Heißt im Klartext. Jeder, der teilnimmt, sitzt mit im Boot und muss sein Schäflein beitragen. 

Man sollte aber hier hinterlegen, wer was mitbringt bzw. organisiert. Sonst haben wir am Ende z. B. 10 Rundgrille und zu wenig Sitzgelegenheiten.


----------



## epic2006 (12. Mai 2013)

Wenn´s ums Mitbringen geht, muss ich mich leider ausklinken, da ich auf der Urlaubsrückreise quasi vorbeischneie. Evtl. gingen 1-2 Sack Brennholz oder Holzkohle, letzteres auf jeden Fall, wegen Holz muss ich schauen. 
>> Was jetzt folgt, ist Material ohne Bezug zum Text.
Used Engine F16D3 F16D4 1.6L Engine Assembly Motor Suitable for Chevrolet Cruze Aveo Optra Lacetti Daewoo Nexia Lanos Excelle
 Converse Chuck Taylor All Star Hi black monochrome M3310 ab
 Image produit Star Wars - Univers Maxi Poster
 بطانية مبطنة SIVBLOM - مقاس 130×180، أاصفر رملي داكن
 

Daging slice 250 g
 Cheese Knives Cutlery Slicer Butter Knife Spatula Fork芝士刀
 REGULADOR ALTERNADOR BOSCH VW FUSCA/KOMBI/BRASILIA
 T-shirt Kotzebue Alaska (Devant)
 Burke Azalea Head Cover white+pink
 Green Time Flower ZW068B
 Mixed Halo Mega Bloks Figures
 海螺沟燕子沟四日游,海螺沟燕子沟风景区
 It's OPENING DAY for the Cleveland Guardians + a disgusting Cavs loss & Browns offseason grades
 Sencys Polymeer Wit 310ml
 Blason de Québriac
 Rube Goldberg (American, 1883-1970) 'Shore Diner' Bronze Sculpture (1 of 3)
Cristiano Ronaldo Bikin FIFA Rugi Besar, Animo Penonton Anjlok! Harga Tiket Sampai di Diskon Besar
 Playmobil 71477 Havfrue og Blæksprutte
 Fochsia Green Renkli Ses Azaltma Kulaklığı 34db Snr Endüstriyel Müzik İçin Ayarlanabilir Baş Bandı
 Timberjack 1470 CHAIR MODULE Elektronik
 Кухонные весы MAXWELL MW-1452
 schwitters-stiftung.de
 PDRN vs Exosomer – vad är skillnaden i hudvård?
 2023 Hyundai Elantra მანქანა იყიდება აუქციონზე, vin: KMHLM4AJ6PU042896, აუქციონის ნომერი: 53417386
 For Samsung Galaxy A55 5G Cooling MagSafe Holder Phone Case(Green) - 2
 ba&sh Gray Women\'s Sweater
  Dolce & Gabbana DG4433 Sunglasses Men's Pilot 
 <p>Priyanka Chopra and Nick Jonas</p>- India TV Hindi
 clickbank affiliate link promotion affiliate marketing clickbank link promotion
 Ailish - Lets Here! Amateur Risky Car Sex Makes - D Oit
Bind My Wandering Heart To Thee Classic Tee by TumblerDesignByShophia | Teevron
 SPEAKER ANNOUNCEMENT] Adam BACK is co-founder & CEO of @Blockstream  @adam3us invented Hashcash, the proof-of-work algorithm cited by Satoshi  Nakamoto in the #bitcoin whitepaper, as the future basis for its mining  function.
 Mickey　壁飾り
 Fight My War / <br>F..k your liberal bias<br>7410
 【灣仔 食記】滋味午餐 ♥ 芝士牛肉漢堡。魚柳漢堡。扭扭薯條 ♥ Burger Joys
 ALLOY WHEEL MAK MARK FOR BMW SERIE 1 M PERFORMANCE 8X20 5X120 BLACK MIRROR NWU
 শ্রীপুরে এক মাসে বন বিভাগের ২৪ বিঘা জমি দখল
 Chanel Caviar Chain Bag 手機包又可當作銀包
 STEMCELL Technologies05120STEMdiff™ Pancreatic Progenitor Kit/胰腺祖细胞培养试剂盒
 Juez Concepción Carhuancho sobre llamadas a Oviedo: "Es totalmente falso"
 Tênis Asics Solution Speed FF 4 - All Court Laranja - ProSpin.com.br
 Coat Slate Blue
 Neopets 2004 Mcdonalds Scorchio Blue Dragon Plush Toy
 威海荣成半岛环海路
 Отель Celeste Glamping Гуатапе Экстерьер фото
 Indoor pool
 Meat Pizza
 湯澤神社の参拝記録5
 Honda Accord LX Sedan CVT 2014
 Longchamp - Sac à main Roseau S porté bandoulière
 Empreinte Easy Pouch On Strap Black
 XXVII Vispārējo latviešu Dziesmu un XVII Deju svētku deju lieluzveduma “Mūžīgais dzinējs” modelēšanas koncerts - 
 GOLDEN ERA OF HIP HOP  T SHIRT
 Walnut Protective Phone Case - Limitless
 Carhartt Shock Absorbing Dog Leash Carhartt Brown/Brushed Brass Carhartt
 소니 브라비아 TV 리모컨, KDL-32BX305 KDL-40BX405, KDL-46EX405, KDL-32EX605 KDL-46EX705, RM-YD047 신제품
Wegen eines localguides hau ich mal den Lars (pago79) an, der hatte angedeutet, dass er evtl. auch mitkommen würde, so er denn nicht arbeiten muss. Ansonsten schau ich mal nach .gpx files, Navi ist vorhanden.

Gruß, Gerrit


----------



## tofu1000 (12. Mai 2013)

Oh man! Hab mir gerade nochmal die letztjährigen Bilder angeschaut!  Ich hoffe so sehr dass es dieses Jahr wieder klappt! Und noch mehr hoffe ich, dann möglichst viele alte und neue Gesichter zu sehen.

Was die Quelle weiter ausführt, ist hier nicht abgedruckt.